A Indústria do Cinema


Por trás de toda arte há um empreendedor tentando descobrir como obter lucro. Haja cuidado, muito cuidado antes de se condenar este fato. A capitalização da arte – a formação de toda uma indústria ao seu redor – é um gerador de riqueza e um dos principais incentivos para o surgimento de novos artistas. Uma indústria forte fornece estrutura e oportunidades para novos talentos e, mesmo que um dos (inevitáveis) efeitos colaterais seja a promoção da “cultura de massas”, é difícil imaginar uma divulgação mais eficiente da arte do que a promovida pela organização capitalista.
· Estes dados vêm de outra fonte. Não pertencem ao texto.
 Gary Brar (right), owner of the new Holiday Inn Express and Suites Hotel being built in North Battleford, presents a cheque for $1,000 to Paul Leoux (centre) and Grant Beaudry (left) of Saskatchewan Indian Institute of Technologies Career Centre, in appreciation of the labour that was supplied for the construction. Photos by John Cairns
A indústria do cinema surgiu junto com as primeiras câmeras dos irmãos Lumière, que dominariam a produção de câmeras na Europa (Thomas Edison monopolizou os EUA com seu próprio modelo de câmeras). De fato, antes de ser arte, o “cinema” – ainda sem esse nome – foi mais um modelo de entretenimento barato: empresários construíam grandes barracas onde eram exibidos vários curtas (nada mais do que gravações quaisquer do cotidiano urbano, raramente com mais de cinco minutos cada). Essas barracas – “nickelodeons”, como eram chamadas – só se tornariam salas profissionais quando alguns artistas/empresários descobriram que poderiam fazer algo mais duradouro e sério com as câmeras; eram homens cuja visão artística quase sempre vinha imbuída de um enorme talento para a atração de multidões: D. W. Griffith, Cecil B. DeMille, os irmãos Warner e o próprio Charles Chaplin.

Hoje, mais de 120 anos depois do “Trem dos Lumière” ter apavorado as platéias francesas, o que é a indústria do cinema? Por trás do glamour e da fantasia que transformaram o cinema na indústria artística mais influente do séc. XX, a vida é muito mais grosseira. Podemos reclamar que o cinema brasileiro é incipiente; tenhamos calma! O Brasil possui uma indústria de filmes muito mais poderosa do que boa parte do mundo; essa indústria, no contexto global, raramente é auto-suficiente. Existem apenas três núcleos onde o cinema possui uma indústria “consolidada”: o núcleo norte-americano, o europeu (com ressalvas) e o indiano (mais conhecido pela quantidade de filmes que produz, não pela qualidade). Em todo o resto do globo, a indústria dos filmes só funciona plenamente se acompanhada por pesados subsídios do governo; lucros são uma coisa rara e apenas os muito sortudos e perspicazes conseguem enriquecer nesta área.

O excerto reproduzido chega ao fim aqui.